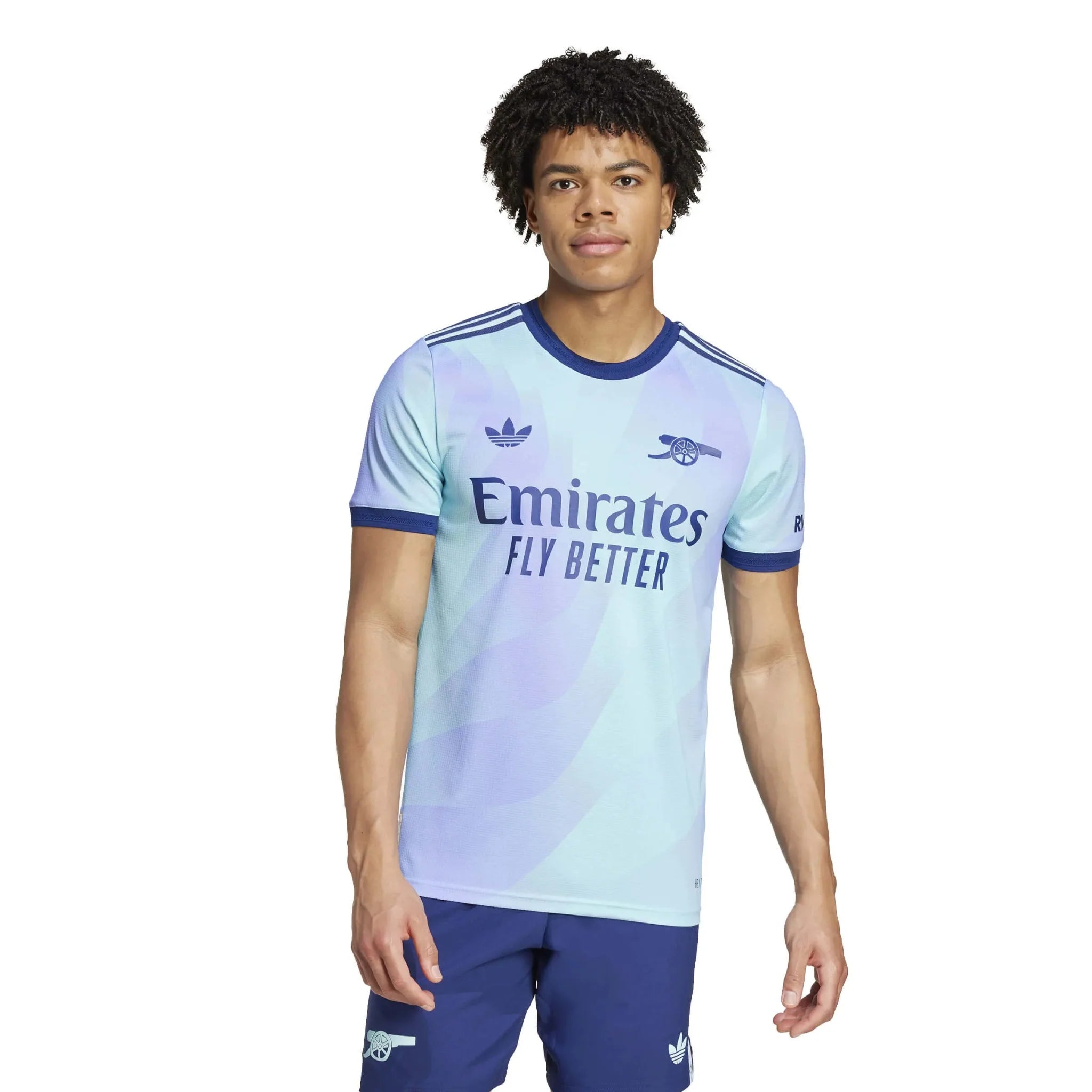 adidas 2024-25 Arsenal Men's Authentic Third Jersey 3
--
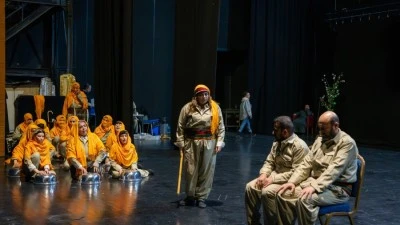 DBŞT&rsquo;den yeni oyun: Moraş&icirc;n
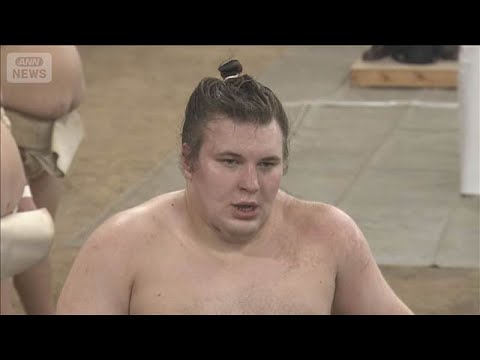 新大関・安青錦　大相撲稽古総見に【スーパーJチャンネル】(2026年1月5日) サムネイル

__Work to be completed__: Transcribe the listing above exactly, but only from the line with "DBŞT&rsquo;den yeni oyun: Moraş&icirc;n" through the line with "新大関・安青錦　大相撲稽古総". Include both of those lines and omit the pictures.

__Result of the exercise__:
 DBŞT&rsquo;den yeni oyun: Moraş&icirc;n
 新大関・安青錦　大相撲稽古総見に【スーパーJチャンネル】(2026年1月5日) サムネイル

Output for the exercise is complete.